After a third try to get Shaw’s attention, he didn’t turn. She felt ready to scream in frustration when it hit her: Marigold could out-scream any person. Her shrill toddler cries had stopped Sloane cold on more than one occasion, and she’d joked with her parents that the child had a future as a horror movie actor with those lungs.
She clung to the fence and opened her mouth wide, channeling Marigold when she screamed her daddy’s name for a fourth time.
He jerked and saw her. The concern etched on his face slammed through her.
She had to get to him. Had to get to Dylan. What was going on?
Ducking under the fence rail, she barely made it out the other side before she slammed into a wall of muscled security.
“Fans gotta stay on the other side of the fence, lady.”
“Let her in.” Shaw’s command stopped the man from guiding her back through the rails. When Shaw gripped her by the arms and helped her to her feet, she wavered in his grasp.
“Is he okay?”
“Yes,” he grated out.
“Your face. I didn’t know until you laughed.” She wasn’t making any sense, but he only nodded.

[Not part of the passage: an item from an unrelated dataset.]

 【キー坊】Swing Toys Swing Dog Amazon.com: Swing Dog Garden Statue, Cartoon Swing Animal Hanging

His gaze was sharp as he studied her expression. “I can see it written all over your face, Sloane.”
She tried to see through the people who were surrounding Dylan, obviously checking him over. Did they have a doctor on staff? How long did it take for an ambulance to reach the remote ranch?
Shaw cupped her face, directing her attention to him.

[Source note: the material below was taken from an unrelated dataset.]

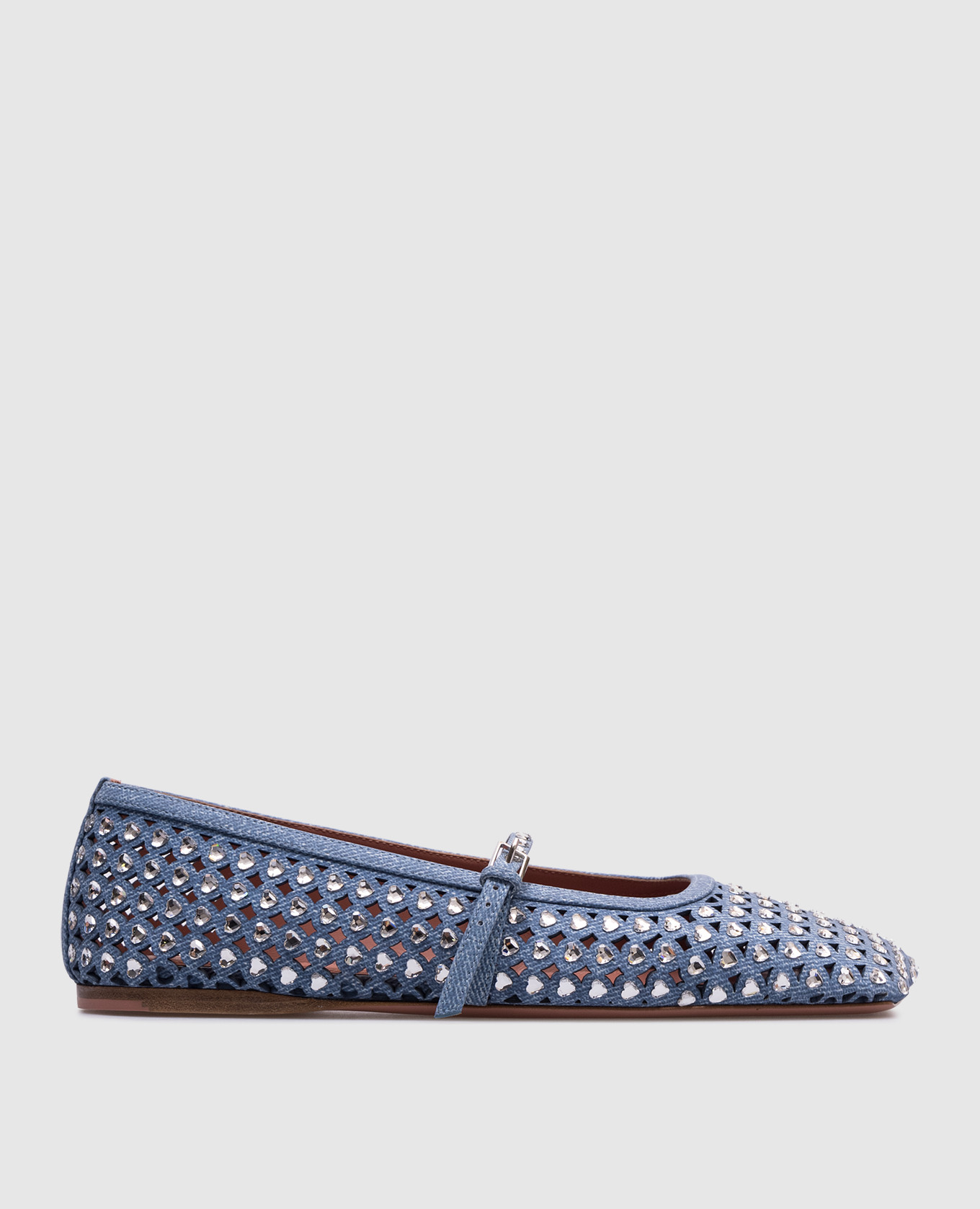 

Blue leather ballet flats with ANE crystals Amina Muaddi, Light blue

His gaze pierced her with a significance that had dread churning in her stomach. She knew what he was about to say.
That didn’t make it any easier to hear.
“You care for Dylan.”
* * * * *
If Dylan’s back was a little stiff when he climbed on that bull, it was screaming now, but nothing a little hot water couldn’t help.
Sloane hovered on the side of the hot tub, a crease between her long brows every time she looked at him.
“I don’t know if I hate seeing you worried about me or love the attention.” He stepped into the hot tub and sank to the seat with a moan of pleasure.
Sloane and Shaw traded a look before the two of them joined him in the bubbly depths.
He slid to the side, locating the jet and aiming it at the most painful spot on his back.
Sloane and Shaw were quiet, watching him.
“If you’re waiting to collect on that bet I lost, I need a few minutes to soak.”
Shaw grunted. Sloane’s lips twisted in a smile she tried to conceal.
Then a giggle bubbled from her. “That stupid bet.”
Cocking a brow at her, he eyed Shaw. “She thinks it’s stupid now.”
His friend and lover relaxed against the back of the hot tub, stretching his arm along it so that Sloane could lean into him.
Dylan must have missed something. Even though Sloane and Shaw had been intimate and shared some good moments, the pair always had tension between them like a thick cord that neither could break through to fully reach the other. But no longer.
“What happened?” His voice carried a grit that wasn’t the result of the pain from hitting the ground on his hip and back that already gave him trouble.